### TASK INSTRUCTIONS
Set the data down exactly as it stands, and keep its pictures out.

[Opening MATERIAL FOR THE TASK section]

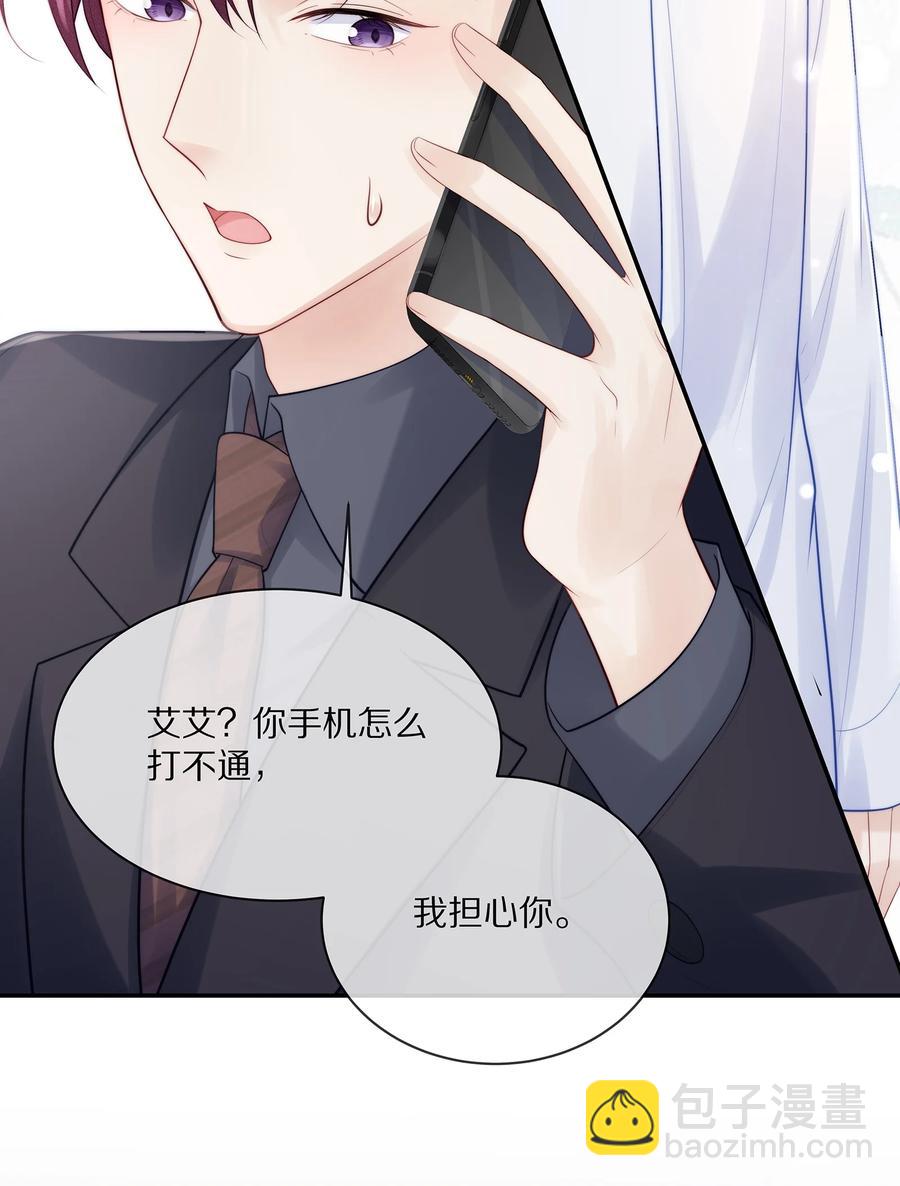 068 撩完就睡好不刺激-第76话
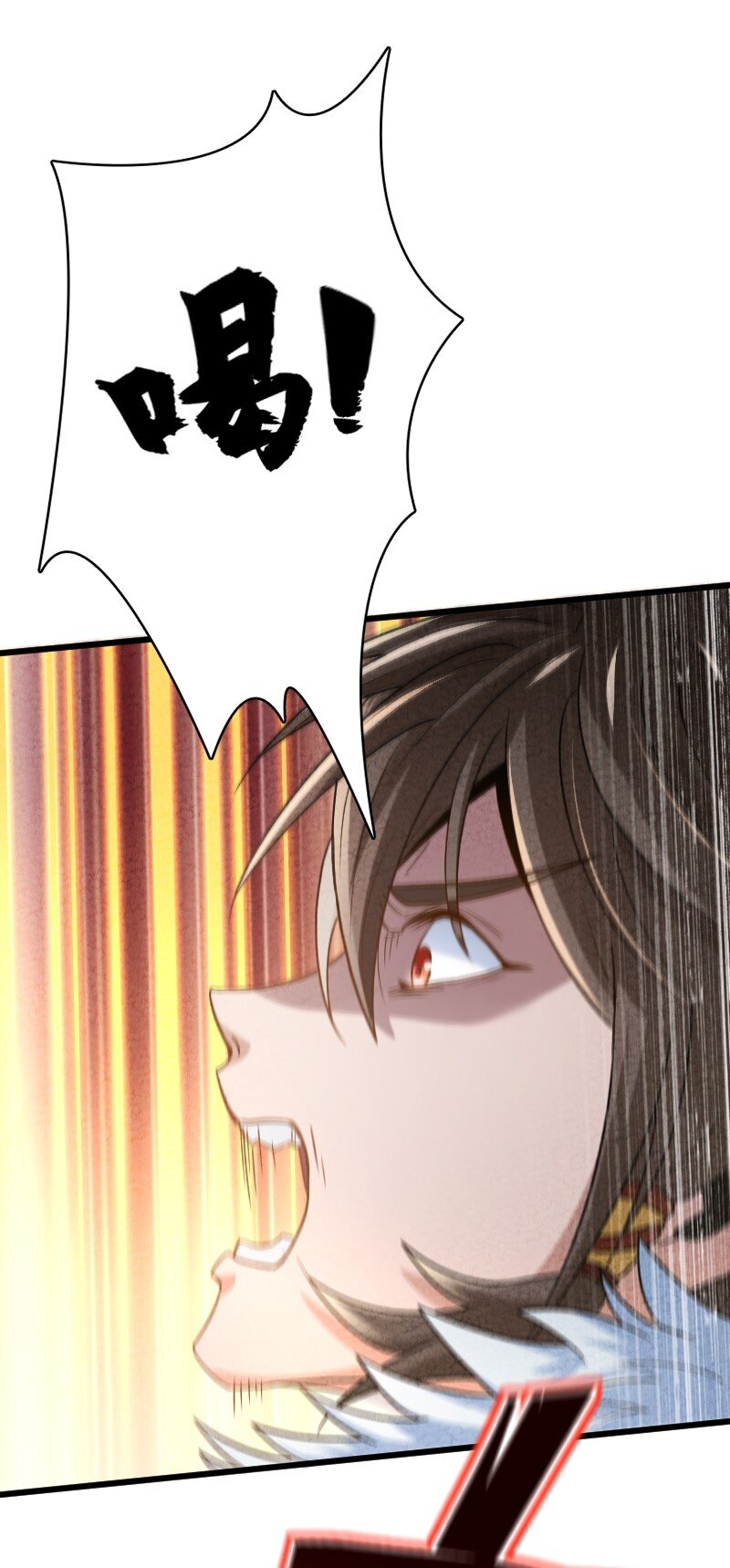 《你真是个天才》009 还有下一环？！ 第45页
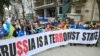 Протест на украински и македонски граѓани по повод две години руска инвазија врз Украина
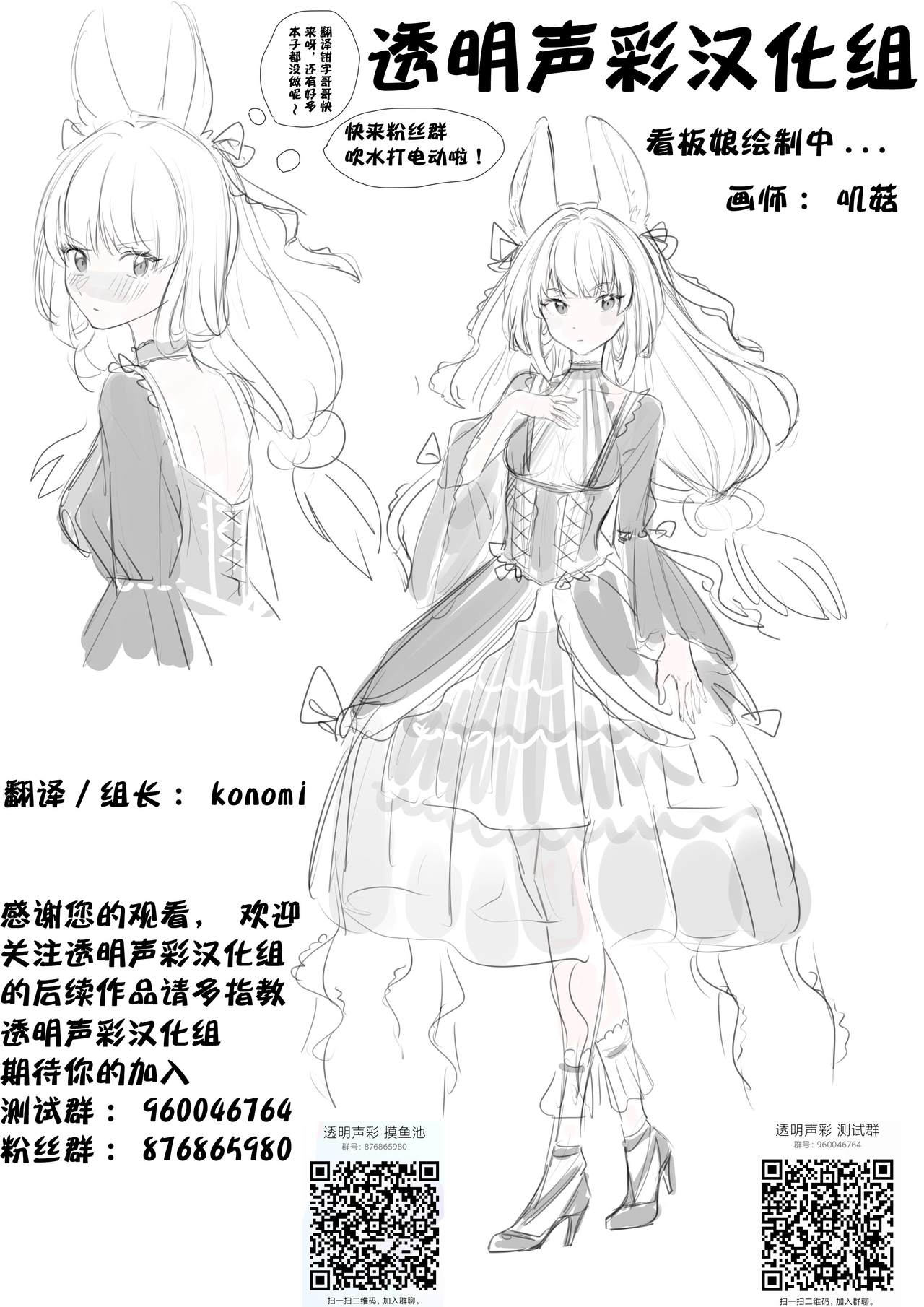 [BECHU] Kalina (少女前線) [中国翻訳] [無修正]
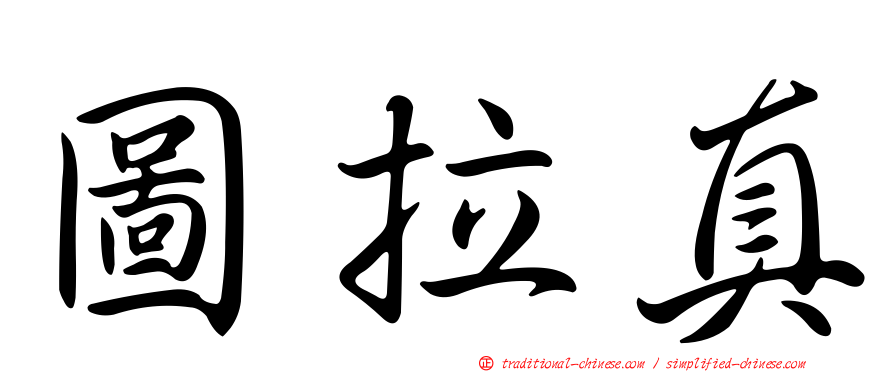 圖拉真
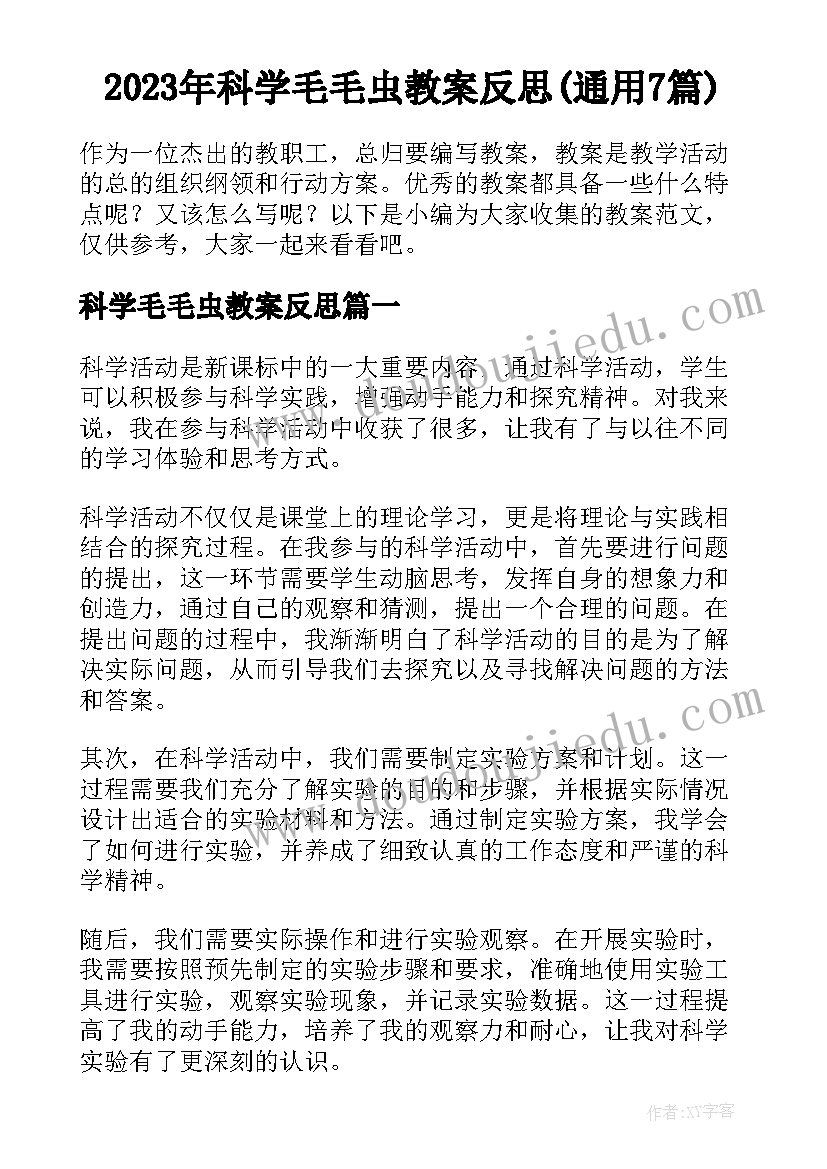 2023年科学毛毛虫教案反思(通用7篇)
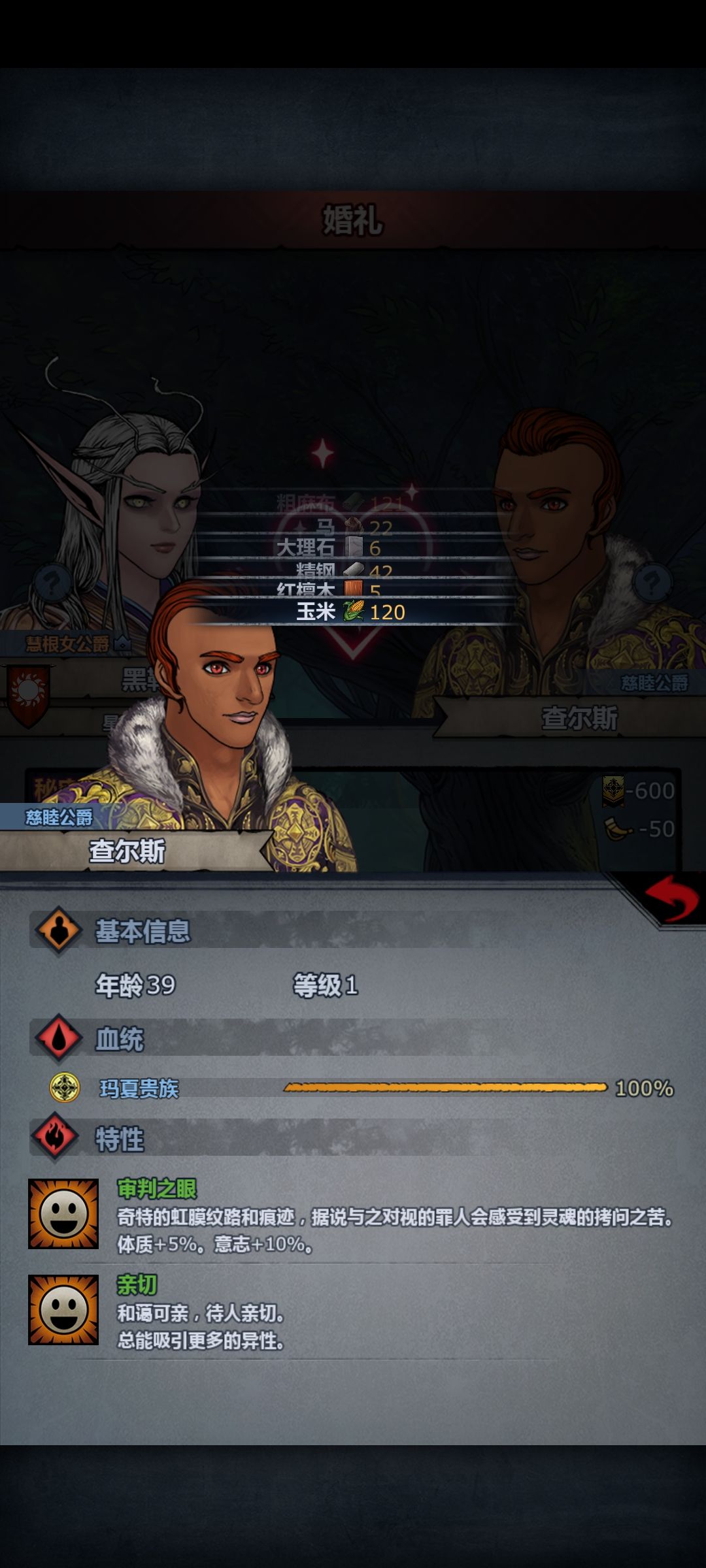 会赢吗 2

[Closing MATERIAL FOR THE TASK section]

### RESULT FOR THIS TASK
 068 撩完就睡好不刺激-第76话
 《你真是个天才》009 还有下一环？！ 第45页
 Протест на украински и македонски граѓани по повод две години руска инвазија врз Украина
 [BECHU] Kalina (少女前線) [中国翻訳] [無修正]
 圖拉真
 2023年科学毛毛虫教案反思(通用7篇)
 会赢吗 2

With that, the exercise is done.